Kebumen, Kilaskebumen.com – Tim penasihat hukum Bupati Kebumen, Lilis Nuryani, menggelar konferensi pers di Teman Hati Coffee, Pejagoan, Kamis (18/6/2026), guna mengklarifikasi tudingan terkait pengelolaan dapur Makan Bergizi Gratis (MBG) atau Satuan Pelayanan Pemenuhan Gizi (SPPG).
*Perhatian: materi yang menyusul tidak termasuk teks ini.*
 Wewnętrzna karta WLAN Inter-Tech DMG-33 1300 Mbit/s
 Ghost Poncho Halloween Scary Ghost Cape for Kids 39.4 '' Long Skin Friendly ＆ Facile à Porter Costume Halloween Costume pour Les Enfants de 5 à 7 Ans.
Konsultan hukum keluarga bupati, Aksin, mengatakan klarifikasi dilakukan untuk meluruskan informasi yang dinilai menyesatkan.
“Klarifikasi ini penting untuk membendung hoaks dan fitnah yang berpotensi merugikan serta mengadu domba masyarakat,” ujar Aksin.
Anggota tim hukum, Azam, membantah tudingan yang menyebut Bupati Lilis Nuryani menguasai 100 titik dapur SPPG di Kabupaten Kebumen.
“Tidak ada satu pun nama Bupati Lilis Nuryani yang tercantum dalam yayasan mana pun yang mengelola SPPG,” tegas Azam.
Menurutnya, berdasarkan data per Juni 2026, terdapat 73 yayasan resmi yang menaungi sekitar 170 dapur SPPG di Kebumen. Karena itu, klaim bahwa bupati memiliki atau menguasai 100 dapur dinilai tidak berdasar.
“Narasi yang menyebut bupati menguasai 100 titik dapur tidak sesuai dengan fakta dan data yang ada,” katanya.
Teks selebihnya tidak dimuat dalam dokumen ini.